Como ocurre con el resto de los mercados periféricos, la relación que se crea con el centro es de productor de bienes y servicios con demanda internacional poco dinámica.
Lo que significa, con suerte, que los lotes cubanos hacen de relleno entre un Jeff Koons y el Salvatore Emblema de la noche.
Desde hace ya varias décadas las subastas se posicionaron como eje principal del mercado de arte y sus resultados no solo afectan los precios por venir, sino también el valor que alcanzará la obra de un artista.
La primera edición de Subasta Habana fue realizada en 2002 y durante los primeros cinco años su tasa de rentabilidad estuvo siempre en números positivos. Amén de sus resultados en las últimas ediciones, el evento logró imponer requisitos de especialización, tanto en el área comercial como artística; atraía compradores, generaba información y publicidad con cierto alcance internacional, contribuía a determinar y regular los precios en el mercado y completaba el sistema arte dentro de la Isla.
Es muy posible que la sola carencia de este evento sea determinante para nuestra falta de mercado de arte.
La primera acepción de precariedad refiere una condición de carestía de recursos o de renta cuyo resultado más directo es la dependencia absoluta al producto del trabajo propio.
Lo que nos lleva a la acepción más generalizada: la de precariedad laboral, una situación de irregularidad e inseguridad en las condiciones de trabajo y de limitación o imposibilidad de los trabajadores a ejercer sus derechos.

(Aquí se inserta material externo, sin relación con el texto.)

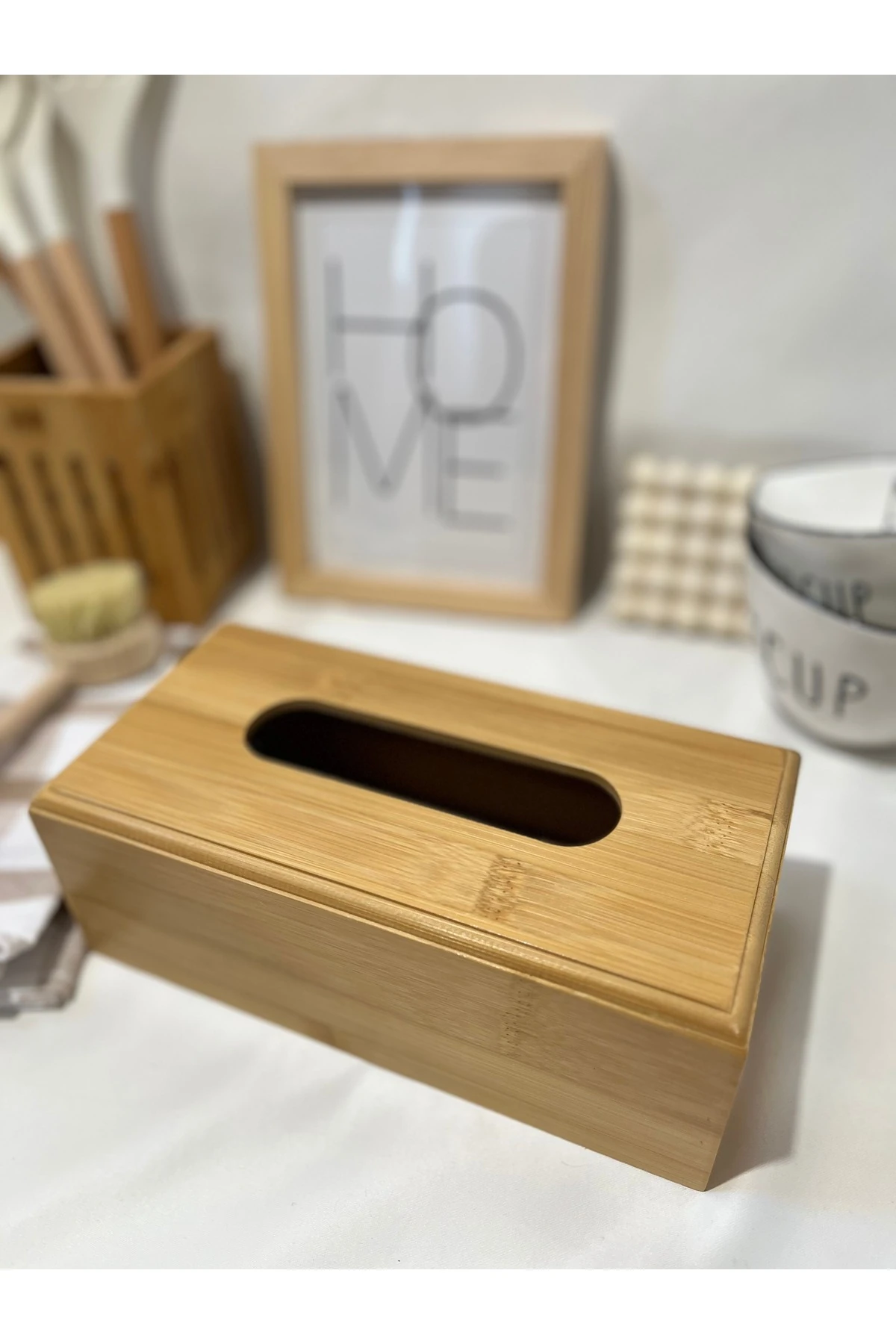 Dikdörtgen  Bambu Peçetelik, Kutu, Mendil Kutusu ve Saklama Kutusu
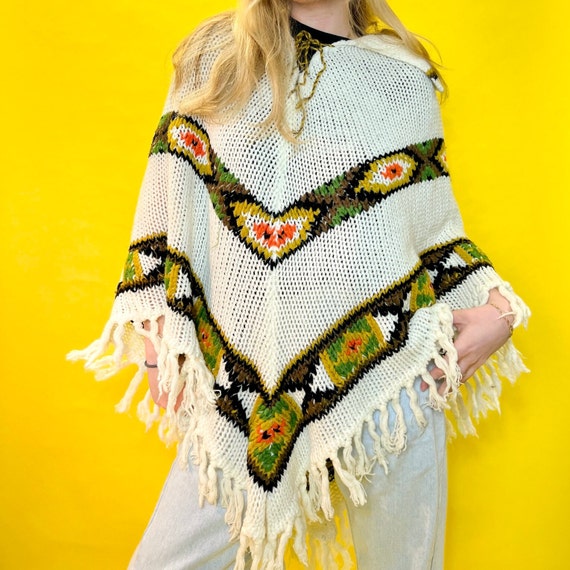 vintage Sears 60s/70s knit poncho - image 5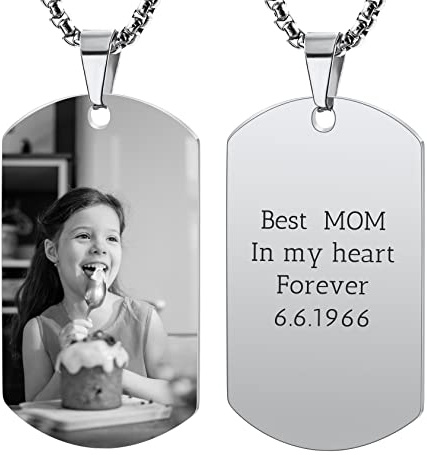 OTXIXTO Collana con Ciondolo con Piastrina per Cani Personalizzata con Incisione di Testo/Immagine Colorata/in Bianco e Nero per Gioielli in Acciaio Inossidabile da Uomo e Donna, con Portachiavi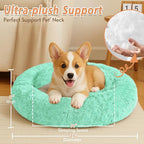 JOLLYVOGUE Calming Dog & Cat Bed for Small Dogs, Anti-Anxiety Donut Cuddler Cozy Soft Round Bed with Anti-Slip Bottom, Fluffy Faux Fur Plush Cushion Beds for Small Medium Pets (23")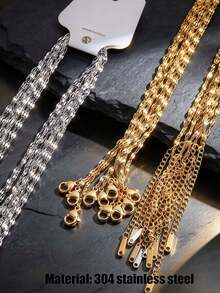 10 Pcs Stainless Steel Lip Chains, Gold And Silver Available, DIY Necklace, Suitable For DIY Jewelry Making, Fashion Choker Accessories - 10pcs - View 3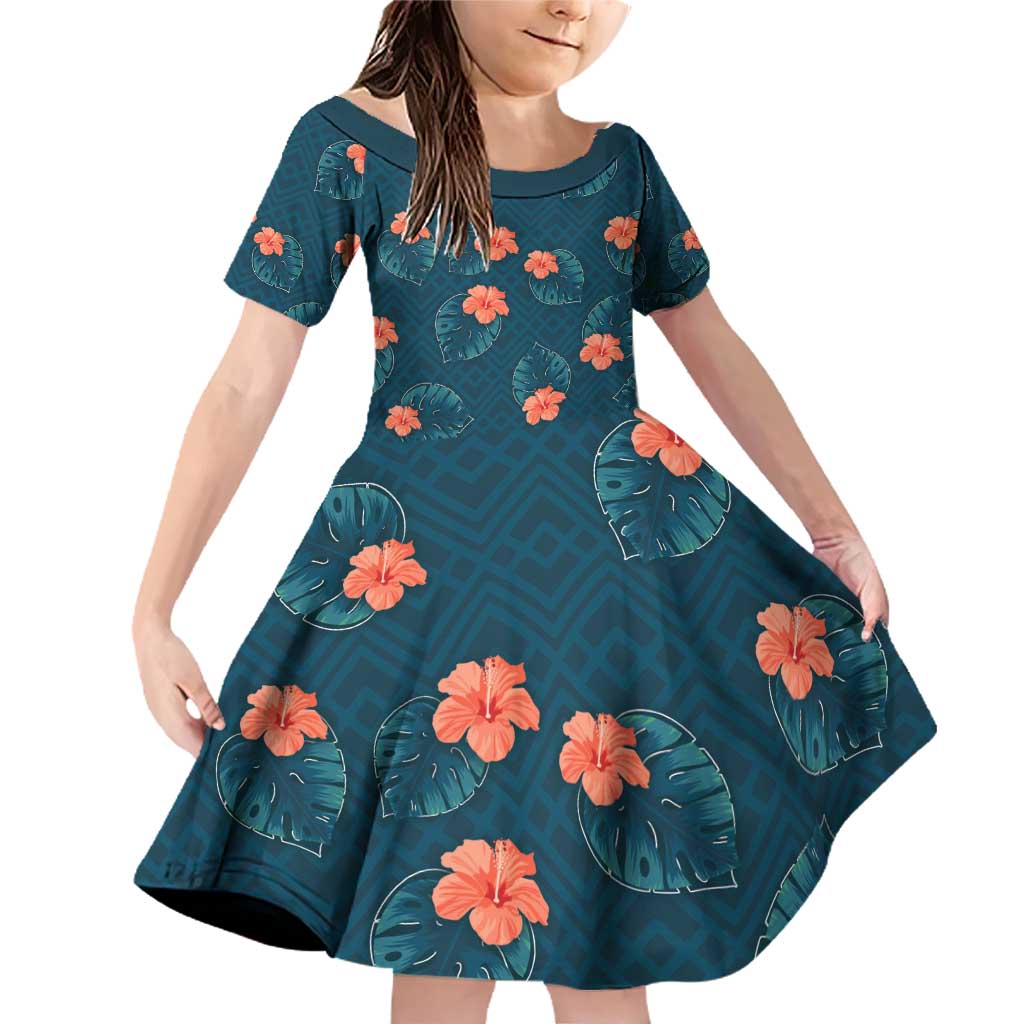 Hawaii Monstera Family Matching Off Shoulder Short Dress and Hawaiian Shirt Hibiscus Flowers Simple Style DT05 Daughter's Dress Dark Teal - Polynesian Pride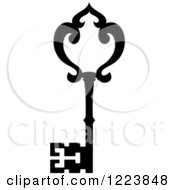 Clipart Of A Black And White Antique Skeleton Key 40 Royalty Free Vector Illustration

En ninguno de los casos la precariedad permanece en lo puramente económico.
En primera instancia, la vivencia de la privación supone un costo social de estatus cuyo desenlace termina casi siempre en exclusión. Bajos ingresos significan menor poder adquisitivo, y aunque lo de vivir y beber a costa de los amigos le funcionó al joven Rimbaud, nadie puede asegurar que sea una estrategia infalible.
Por otra parte, es un tour de force que obliga a desarrollar estrategias para “ganarse la vida”, que en el caso cubano ha significado la aparición de nuevas formas de exhibir y comercializar las obras: apertura de estudios-galerías privados, adopción de roles comerciales por parte del creador, alianzas con otros artistas y con agentes de venta o intermediarios.
Como para vivir, para crear hacen falta libertades. Derechos de primera generación, vaya.
Aunque siempre recuerdo el mantra personal de un amigo maestro de los errores: “Con hambre, ni se compra comida ni se toman decisiones”.
Yo le creo.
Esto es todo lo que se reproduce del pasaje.